Overview: why Rust for embeddings, what I built on Candle, and how it fits together.

Repo: github.com/lblommesteyn/rust-transformers

TL;DR

A single Axum + Candle binary loads weights, batches requests, and serves embeddings over HTTP.

Config-driven pooling, tracing, and a CLI bench report QPS plus p50/p95 latencies across batch and sequence grids.

The diagrams below walk through the live request path and the offline gallery pipeline that keeps my photos searchable.

I built this because I wanted the speed of Rust with the ergonomics of Candle, plus an opinionated stack I could deploy without a fleet of sidecars. The write-up walks through the choices that made it feel smooth.

Architecture in pictures

The diagrams show the stack I deploy today: the top is the request path, the bottom is the offline gallery pipeline that keeps my pictures searchable.

Real-time path: Axum batches requests, Candle runs the transformer, pooling emits embeddings with metrics for every call.

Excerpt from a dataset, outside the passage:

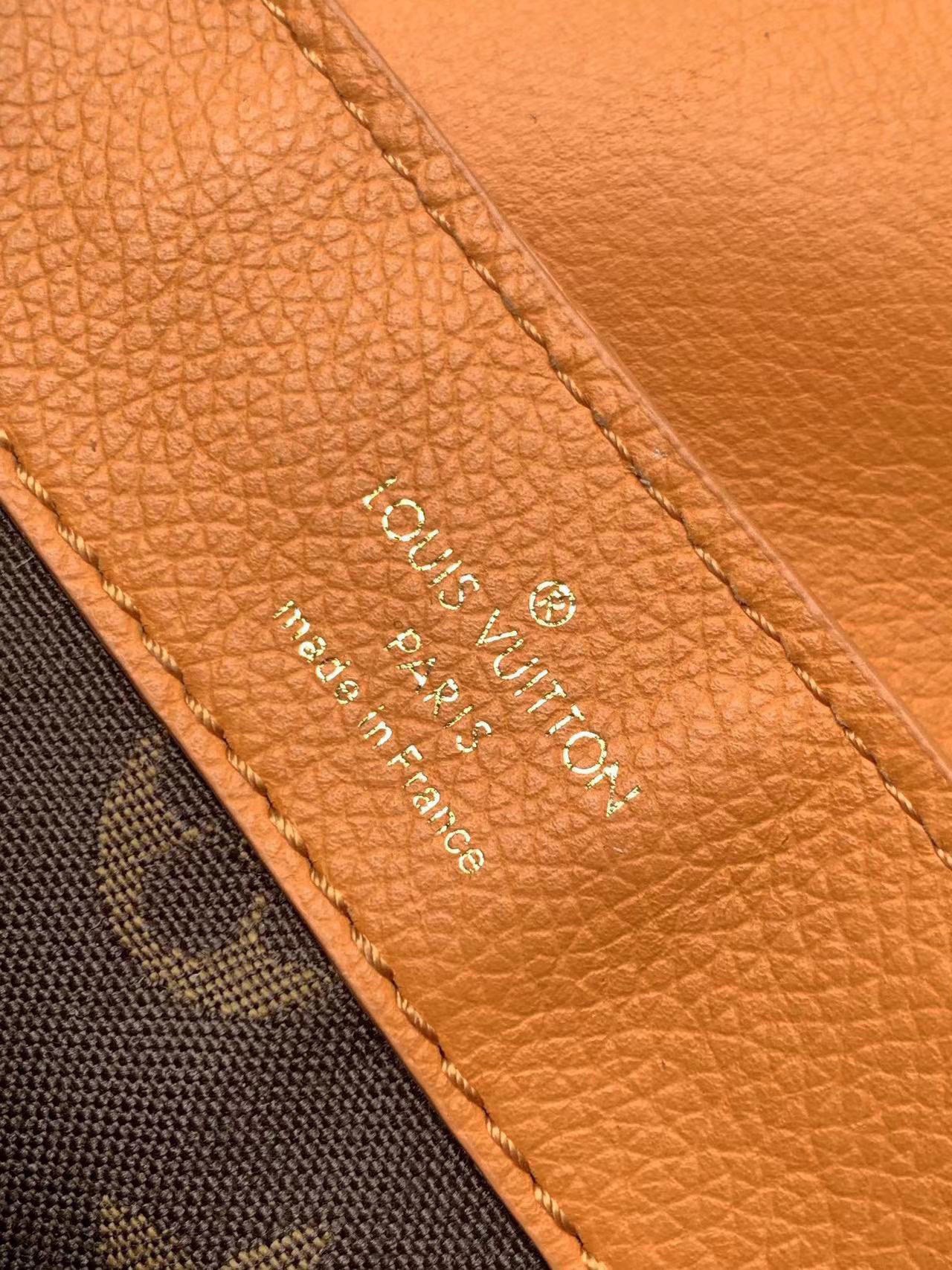 Louis Vuitton M25048 Dauphine Soft MM Calfskin Orange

Offline pictures: resize, caption, embed with Candle, then stage vectors in Qdrant/Tantivy so the gallery pulls similar shots instantly.

API quickstart

Config example

# config.toml
bind = "0.0.0.0:8080"
model_path = "models/encoder.safetensors"
tokenizer = "tokenizer.json"
num_threads = 8

[batch]
max = 32
jitter_ms = 6

Request and response

curl -X POST \
  -H "Content-Type: application/json" \
  -d '{"texts": ["search index friendly embedding", "rust is fast"]}' \
  http://localhost:8080/embed

{
  "vectors": [
    [0.01, -0.12, 0.07, ...],
    [0.05, 0.02, -0.03, ...]
  ]
}

Why Rust?

Single binary deploys. Easy to ship inference to edge/infra without Python env drift.
Speed + safety. Low-overhead, predictable memory, strong ergonomics for systems + ML glue.
Tight integrations. Talk to services, disks, and hardware easily - then keep it fast.

Design goals

Deterministic builds. Pinned deps; predictable outputs when weights/tokenizers match.
Long-context friendly. Sliding windows + ALiBi/RoPE to avoid quadratic blow-ups.
Service-first API. Clean path to batch, stream, and serve over HTTP.
Zero-copy where possible. memmap2 for weights; avoid needless tensor moves.

What I built

A configurable Transformer stack focuses on embeddings and long-context efficiency. Attention layers mix multi-head and FlashAttention-style kernels with optional sliding windows and ALiBi anchors. Positional choices include sinusoidal, learned, and RoPE rotary embeddings. Encoder and decoder variants support GELU/SiLU/Swish/Mish feed-forward blocks with either LayerNorm or RMSNorm. Masking, tensor utilities, and the config system are all written to stay explicit and ergonomic.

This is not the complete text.